TASK TO CARRY OUT - Of the entries below, restate word for word only the section that runs from the line with "old wooden sailboats" to the line with "Pink portable eye", counting both ends.

SOURCE DATA -
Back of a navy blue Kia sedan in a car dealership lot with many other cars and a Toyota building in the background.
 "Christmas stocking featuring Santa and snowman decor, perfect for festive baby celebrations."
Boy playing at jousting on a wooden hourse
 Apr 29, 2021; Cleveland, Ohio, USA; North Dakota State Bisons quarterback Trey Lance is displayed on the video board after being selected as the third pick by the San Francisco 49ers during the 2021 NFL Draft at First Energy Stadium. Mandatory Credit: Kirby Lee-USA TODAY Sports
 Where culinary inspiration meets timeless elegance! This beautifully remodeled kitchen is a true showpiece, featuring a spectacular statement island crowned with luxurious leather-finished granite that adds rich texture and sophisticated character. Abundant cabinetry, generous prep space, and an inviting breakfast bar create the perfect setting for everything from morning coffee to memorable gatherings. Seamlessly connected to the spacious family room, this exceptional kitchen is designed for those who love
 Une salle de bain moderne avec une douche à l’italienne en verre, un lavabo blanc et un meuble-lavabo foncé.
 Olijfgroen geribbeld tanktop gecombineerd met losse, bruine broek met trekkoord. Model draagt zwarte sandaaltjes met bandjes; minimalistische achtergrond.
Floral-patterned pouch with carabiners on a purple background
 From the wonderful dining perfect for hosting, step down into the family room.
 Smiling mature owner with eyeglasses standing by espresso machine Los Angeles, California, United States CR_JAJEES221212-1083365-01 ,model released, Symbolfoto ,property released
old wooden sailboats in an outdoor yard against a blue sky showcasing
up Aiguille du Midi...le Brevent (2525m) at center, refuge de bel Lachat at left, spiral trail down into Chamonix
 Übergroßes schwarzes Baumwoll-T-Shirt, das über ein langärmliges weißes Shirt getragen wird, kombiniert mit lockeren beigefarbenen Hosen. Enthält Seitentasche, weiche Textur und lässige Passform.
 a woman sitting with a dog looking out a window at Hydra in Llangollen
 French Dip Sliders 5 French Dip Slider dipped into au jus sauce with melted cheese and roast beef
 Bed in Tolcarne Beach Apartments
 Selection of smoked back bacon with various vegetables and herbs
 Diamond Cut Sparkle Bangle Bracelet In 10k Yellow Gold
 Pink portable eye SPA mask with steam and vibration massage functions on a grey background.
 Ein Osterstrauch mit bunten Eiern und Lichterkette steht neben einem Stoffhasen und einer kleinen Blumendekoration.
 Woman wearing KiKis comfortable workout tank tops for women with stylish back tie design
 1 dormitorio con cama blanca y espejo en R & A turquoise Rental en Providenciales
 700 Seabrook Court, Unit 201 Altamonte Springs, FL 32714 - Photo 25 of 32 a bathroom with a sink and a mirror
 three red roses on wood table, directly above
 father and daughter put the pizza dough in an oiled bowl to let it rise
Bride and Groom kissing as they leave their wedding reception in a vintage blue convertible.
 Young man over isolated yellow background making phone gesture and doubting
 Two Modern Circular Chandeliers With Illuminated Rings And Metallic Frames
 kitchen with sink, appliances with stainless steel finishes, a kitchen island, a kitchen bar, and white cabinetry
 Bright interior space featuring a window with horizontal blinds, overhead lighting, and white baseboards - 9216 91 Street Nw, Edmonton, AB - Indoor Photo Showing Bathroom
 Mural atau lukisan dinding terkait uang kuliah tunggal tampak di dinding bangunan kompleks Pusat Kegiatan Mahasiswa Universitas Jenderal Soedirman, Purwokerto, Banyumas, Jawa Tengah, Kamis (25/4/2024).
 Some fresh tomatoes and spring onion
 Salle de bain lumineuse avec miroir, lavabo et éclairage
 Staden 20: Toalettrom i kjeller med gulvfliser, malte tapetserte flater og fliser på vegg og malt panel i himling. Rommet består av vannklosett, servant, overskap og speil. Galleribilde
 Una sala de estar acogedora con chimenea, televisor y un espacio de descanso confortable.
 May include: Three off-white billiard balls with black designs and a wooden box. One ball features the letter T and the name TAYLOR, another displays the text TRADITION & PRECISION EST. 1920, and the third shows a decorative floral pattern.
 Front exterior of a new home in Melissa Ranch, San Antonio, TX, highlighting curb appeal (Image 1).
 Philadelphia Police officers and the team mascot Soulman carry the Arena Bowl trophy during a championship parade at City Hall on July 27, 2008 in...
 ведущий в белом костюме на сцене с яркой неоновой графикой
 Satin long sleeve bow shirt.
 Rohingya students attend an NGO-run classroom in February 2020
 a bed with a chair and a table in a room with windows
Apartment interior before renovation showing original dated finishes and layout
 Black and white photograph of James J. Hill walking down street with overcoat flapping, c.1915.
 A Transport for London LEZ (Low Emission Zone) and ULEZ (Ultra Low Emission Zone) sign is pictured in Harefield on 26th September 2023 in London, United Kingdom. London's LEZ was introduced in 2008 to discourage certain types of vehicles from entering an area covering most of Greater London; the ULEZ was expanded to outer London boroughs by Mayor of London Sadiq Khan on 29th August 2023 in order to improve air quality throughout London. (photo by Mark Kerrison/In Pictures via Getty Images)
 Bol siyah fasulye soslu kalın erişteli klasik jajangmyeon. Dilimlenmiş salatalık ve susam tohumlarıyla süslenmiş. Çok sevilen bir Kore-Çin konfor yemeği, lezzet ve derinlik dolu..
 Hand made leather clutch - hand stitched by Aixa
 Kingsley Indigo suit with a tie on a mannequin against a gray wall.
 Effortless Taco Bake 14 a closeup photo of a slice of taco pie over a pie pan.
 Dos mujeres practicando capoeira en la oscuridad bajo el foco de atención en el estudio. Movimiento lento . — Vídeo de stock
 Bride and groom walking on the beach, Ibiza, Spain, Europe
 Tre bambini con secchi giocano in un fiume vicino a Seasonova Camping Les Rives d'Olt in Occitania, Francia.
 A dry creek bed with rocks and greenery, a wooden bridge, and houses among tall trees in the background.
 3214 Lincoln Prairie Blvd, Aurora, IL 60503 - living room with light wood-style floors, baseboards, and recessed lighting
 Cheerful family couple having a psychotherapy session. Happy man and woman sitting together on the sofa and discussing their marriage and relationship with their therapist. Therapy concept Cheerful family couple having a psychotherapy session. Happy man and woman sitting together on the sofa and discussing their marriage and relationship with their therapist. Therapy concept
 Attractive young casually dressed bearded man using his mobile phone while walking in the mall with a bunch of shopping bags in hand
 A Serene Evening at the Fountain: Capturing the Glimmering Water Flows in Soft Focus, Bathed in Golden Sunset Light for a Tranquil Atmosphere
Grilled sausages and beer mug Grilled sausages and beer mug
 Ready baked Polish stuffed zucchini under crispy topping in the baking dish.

TASK SOLUTION -
old wooden sailboats in an outdoor yard against a blue sky showcasing
up Aiguille du Midi...le Brevent (2525m) at center, refuge de bel Lachat at left, spiral trail down into Chamonix
 Übergroßes schwarzes Baumwoll-T-Shirt, das über ein langärmliges weißes Shirt getragen wird, kombiniert mit lockeren beigefarbenen Hosen. Enthält Seitentasche, weiche Textur und lässige Passform.
 a woman sitting with a dog looking out a window at Hydra in Llangollen
 French Dip Sliders 5 French Dip Slider dipped into au jus sauce with melted cheese and roast beef
 Bed in Tolcarne Beach Apartments
 Selection of smoked back bacon with various vegetables and herbs
 Diamond Cut Sparkle Bangle Bracelet In 10k Yellow Gold
 Pink portable eye SPA mask with steam and vibration massage functions on a grey background.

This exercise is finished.